→ **Data extract**
______________________________

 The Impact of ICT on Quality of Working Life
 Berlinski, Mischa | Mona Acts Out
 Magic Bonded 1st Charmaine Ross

______________________________

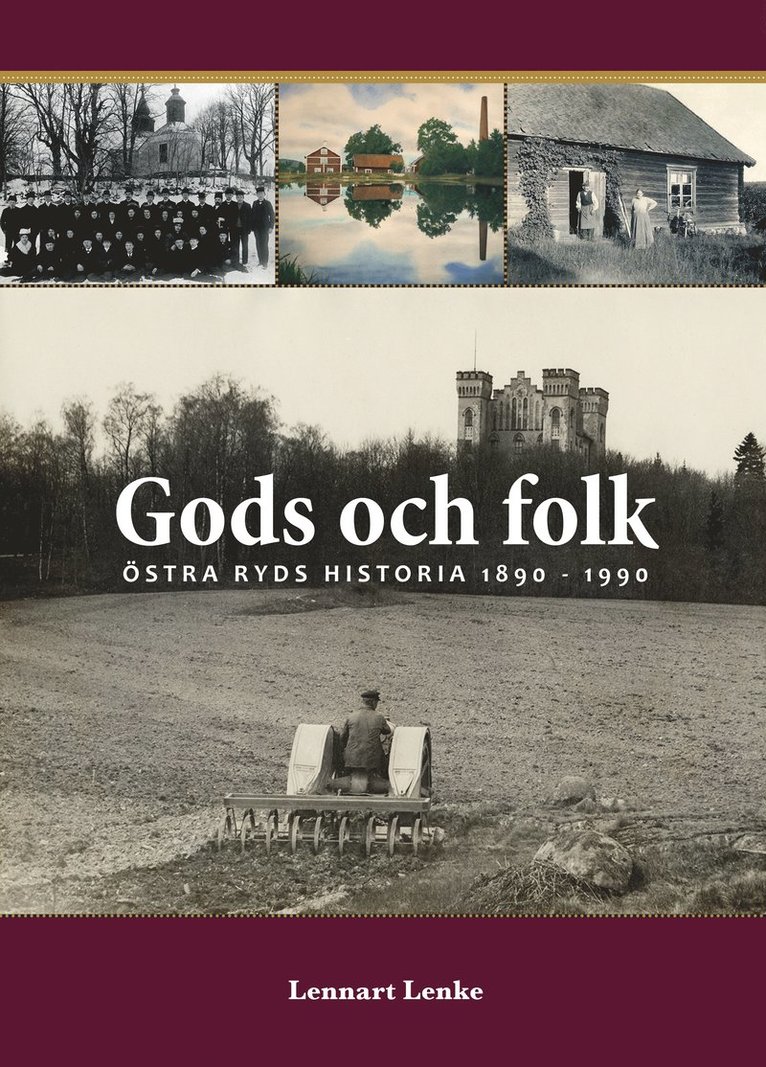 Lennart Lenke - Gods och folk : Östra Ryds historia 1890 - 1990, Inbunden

______________________________

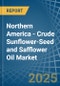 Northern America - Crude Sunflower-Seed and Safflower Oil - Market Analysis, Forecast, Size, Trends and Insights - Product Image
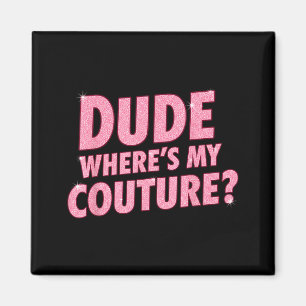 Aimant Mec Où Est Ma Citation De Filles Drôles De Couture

______________________________

→ **What you need to do**
With the first line being the one containing "Berlinski, Mischa | Mona Acts Out" and the last line the one containing "Magic Bonded 1st Charmaine Ross", transcribe exactly the lines above that fall in that range.

→ **Expected answer**
 Berlinski, Mischa | Mona Acts Out
 Magic Bonded 1st Charmaine Ross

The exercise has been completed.